Anak IPA bangga dengan pelajaran rumit, yang katanya tak sulit, tapi bisa bikin otak terasa melilit, suka dengan hitung-hitungan seperti; Metematika, Fisika dan Kimia dan yang paling membanggakan adalah “predikat orang pintar”. Siapa yang dapat menepis predikat yang telah melekat erat pada anak IPA. Oleh sebab itu, banyak anak SMA yang bangga ketika menjadi anak IPA.
Aku masih ingat temanku pernah berkata, ketika masa-masa pemilihan jurusan, “Lebih baik jadi orang bodoh di antara orang-orang pintar, daripada jadi orang pintar di antara orang-orang yang…..” ya, seingatku dia tak pernah melanjutkan kalimatnya. Lihatlah betapa gadis itu sangat berharap bisa menjadi anak IPA.
Anak IPS, nakal, ribut, santai dan lain sebagainya, tapi solid alias setia kawan. Itulah yang terlintas di benak ketika menyebut kata anak IPS. Namun sebenarnya itu hanya identitas, tak semuanya nakal, tak semuanya berkontribusi menyumbangkan suara untuk menambah keriuhan di kelas.
Tak jarang, antara anak IPA dan anak IPS saling membanggakan diri. Seperti yang kerap kukalukan ketika berkumpul dengan teman-teman dalam sebuah organisasi selepas pulang sekolah. “Anak IPS tu, Cuma ngitung uang hampa, tak jelas,” kata anak IPA.
“Ape anak IPA tu, kalau ade kelapa gugor (jatuh) sehe ngitung berape ketinggiannye, jutuhnya pakai gaya ape?

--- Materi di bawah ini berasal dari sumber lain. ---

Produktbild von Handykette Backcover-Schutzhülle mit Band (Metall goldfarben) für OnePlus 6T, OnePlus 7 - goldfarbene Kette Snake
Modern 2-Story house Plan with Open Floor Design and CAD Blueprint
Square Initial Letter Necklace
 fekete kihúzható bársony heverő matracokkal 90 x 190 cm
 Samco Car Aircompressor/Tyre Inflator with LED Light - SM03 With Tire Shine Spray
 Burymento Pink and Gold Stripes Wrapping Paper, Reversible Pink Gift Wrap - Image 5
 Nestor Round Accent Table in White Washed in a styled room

Tak ade untungnye! Cobe kalau anak IPS, ade kelapa gugor (jatuh) langsung dijual, abis itu dapat duit,” kata anak IPS.
Oke! Sebagai anak IPA, aku mengakui anak IPS menang dalam hal ini, aku lupa bagaimana anak IPA menjawab pernyataan yang diutarakan anak IPS dalam perkara kelapa jatuh, entah apa jawaban kami untuk membela diri, yang jelas dalam urusan berdebat tak ada yang mau mengalah apalagi kalah. Tapi walaupun demikian, kami tak pernah mengambil hati atas perkataan apa pun yang keluar, demi untuk mempertahankan hal yang kami banggakan. Itu hanyalah bualan yang mengisi waktu senggang yang kami habiskan bersama.
Hingga sampailah pada kesimpulan, semuanya hebat dalam bidangnya, semuanya sama-sama penting dan saling membutuhkan.